Childhood infatuations

Of course every child has to go through this, and we, village children cannot be exceptions!

My first infatuation was my IV standard teacher - Indira Teacher - she was tall; had long hair; spoke softly and our II standard teacher used to come to our class to talk to her. Later on I learnt that they both got married. I did not understand then what was happening between them. I liked this teacher a lot. I used to dream that one day I will also have long hair like her and walk like her carrying an umbrella and teach small children nice things - just the way she was doing it then for me. She used to be the permanent singer for all our dances in our school. Ours was one school which did not approve of cinema songs or recorded music for celebrations. Our teachers used to compose their own songs on various topics like nature, God, school, great people on different ragas. They will choreograph it and we were taught the song and dance. Some children would sing and others would dance.

I was fair in colour ( which is not normal in my area at least then) and was fat ( which again was abnormal) - hence I think I made a good " sight " on stage. Hence, I was always in the dance team. I think I danced well - or at least learnt faster than others - so I was always on the first row in the dance group.

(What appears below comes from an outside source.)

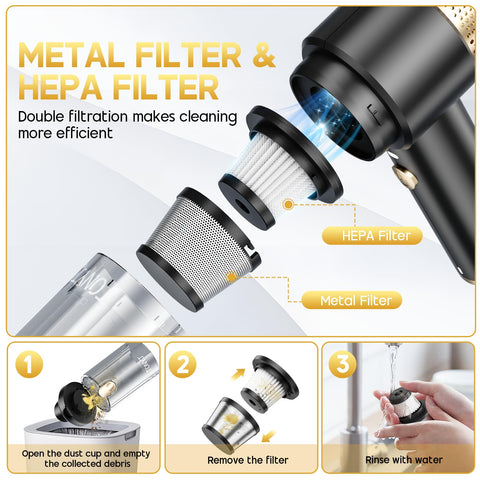JONYJ dual filtration with metal and HEPA filters for thorough debris capture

My cousin ( my opposite in looks) was always my partner. 99 out of 100 dances, I am the male dancer and my cousin the female!

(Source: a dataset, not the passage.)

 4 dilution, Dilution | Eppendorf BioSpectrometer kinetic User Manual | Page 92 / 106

Indira Teacher used to compose many songs and teach us. She used to compose songs on Ramakrishna Paramahamsa - using the raagam of the latest cine-song. So, children used to learn a more meaningful song but on the popular tune. How intelligent of her!

The next person whom I used to adore was ( is ) my aunt - Pinnamma - she again was a teacher. As I was in my grand parents' house right from the age of 3, I hardly remember my mother in my childhood memories. It is always my Pinnamma - who was unmarried then - and showed her love and affection to us. Hence, she was another person whom I adored and prayed that I should always live with her ( may be out of fear that her absence might expose me to some unknown dangers)... When the whole family was praying for her marriage, I used to silently pray to God that God should listen to me and not to them and keep her unmarried. My other aunts used to taunt me saying that my Pinnamma would leave me and go away with her husband when she gets married. This used to make me worried and scared. I remember the day she got married - I was in tears the whole day - I did not let anyone comb my hair - I think I behaved violent the first time that day not letting anyone touch me. Funnily, noone bothered also. They were all busy with the marriage proceedings and left me to my happy "open-hair" and angry crying state. But with all this anger and crying drama, I never left her. I am standing / sitting next to her - literally clinging to her in all the marriage photographs.

She really left me in Sivaganga and went away to Calcutta. I was clueless as to what I can do to stop this. She happily said her goodbye and went away! I survived! Yes, I enjoy my survivor status!